Raymond üç yıldır ortalıkta yokken, Selena'nın başka partnerler bulması mantıklıydı.
Acelem yok; nasıl olsa Fair Malikanesi'ne geri dönmek zorunda kalacak ve bolca fırsatım olacak.
Selena arabasına bindi, hala biraz boğulmuş hissediyordu.
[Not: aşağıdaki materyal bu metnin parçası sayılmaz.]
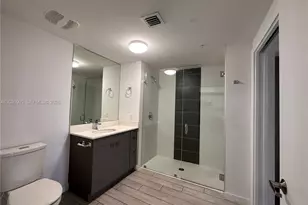 321 NE 26th St, Miami, FL 33137 - Photo 11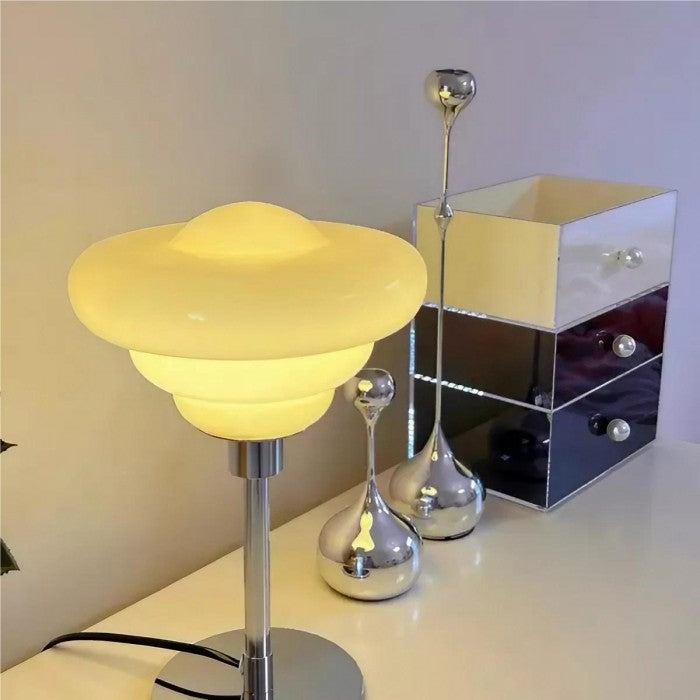 Frendorf | LumaRipple Tischlampe aus strukturiertem Glas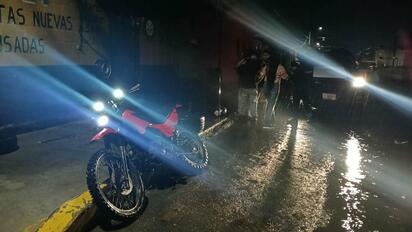 Motociclista lesionado tras choque con auto que se dio a la fuga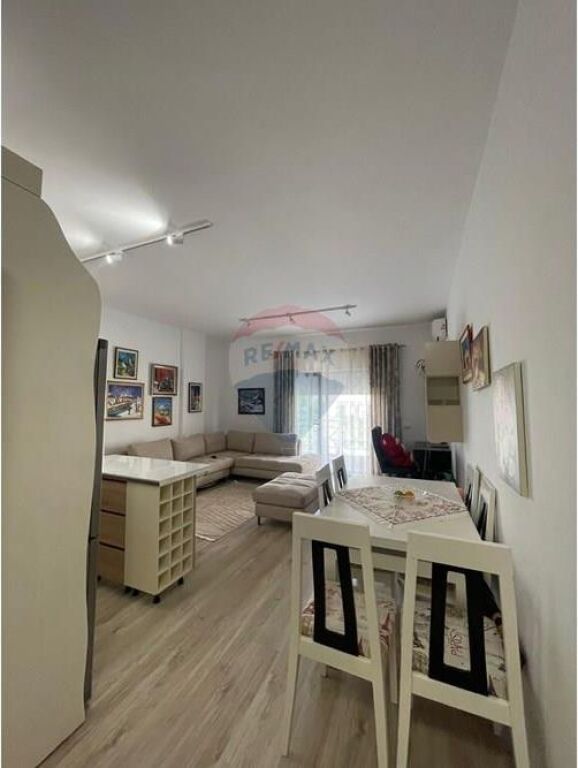 Apartment - For Rent - Zoo Garden, Tirana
Beatrice, Alice ve Nick Fair Malikanesi'ne taşındığında, kan bağı olmayan Nick ve Selena sık sık etkileşimde bulunmak zorunda kaldı, bu da Selena için zorlayıcı oldu.
James ona kalmasını istediğinde bile, Nick'in taşınabileceğini ima ettiğinde, James zor bir durumdaydı.
James, Beatrice ve Alice'e borçlu olduğunu hissediyordu ve bu borç Nick'e de uzanıyordu.
James'e daha fazla zorluk çıkarmamak için, Selena taşındı.
Şimdi, kendini daha çok dışlanmış gibi hissediyordu.
Selena stüdyoya giriş yapmak zorunda değildi, ama eve giderken telefonu çaldı. Ekrandaki ismi görünce, morali bozuldu.
Zil çalmaya devam etti ve Selena derin bir nefes alarak cevapladı, "Merhaba Bayan Montague."
Arayan kişi Raymond'un annesi Catherine Montague'du.
Selena ve Raymond evlendiğinden beri, kibirli Catherine ondan hiç hoşlanmamıştı. Akıllı olan Selena, Montague ailesinden uzak durdu, sadece William'ın önünde bir gösteri yaptı.
"Boşanmayı konuşmak için Montague Malikanesi'ne gelmeni istiyorum," dedi Catherine açıkça, Selena'nın reddetmesi durumunda onu tehdit ederek. "Selena, bu evliliğe sadece William yüzünden razı olduğumuzu bilmelisin. Şimdi Raymond Montague Grubu'nu yönetiyor, o sorumlu. William da muhtemelen boyun eğecek."
Başka bir deyişle, bu evlilik bitmişti.
Catherine, Selena'nın bir şeyler deneyeceğini bile bekliyordu. Sonuçta, hangi kadın Raymond'dan gönüllü olarak vazgeçerdi ki?
Onun sevgisini kazanamasalar bile, sadece yanında olmak yeterli olurdu.
Ama telefonun diğer ucunda, Selena sakince yanıtladı, "Tamam, şimdi mi geleyim?"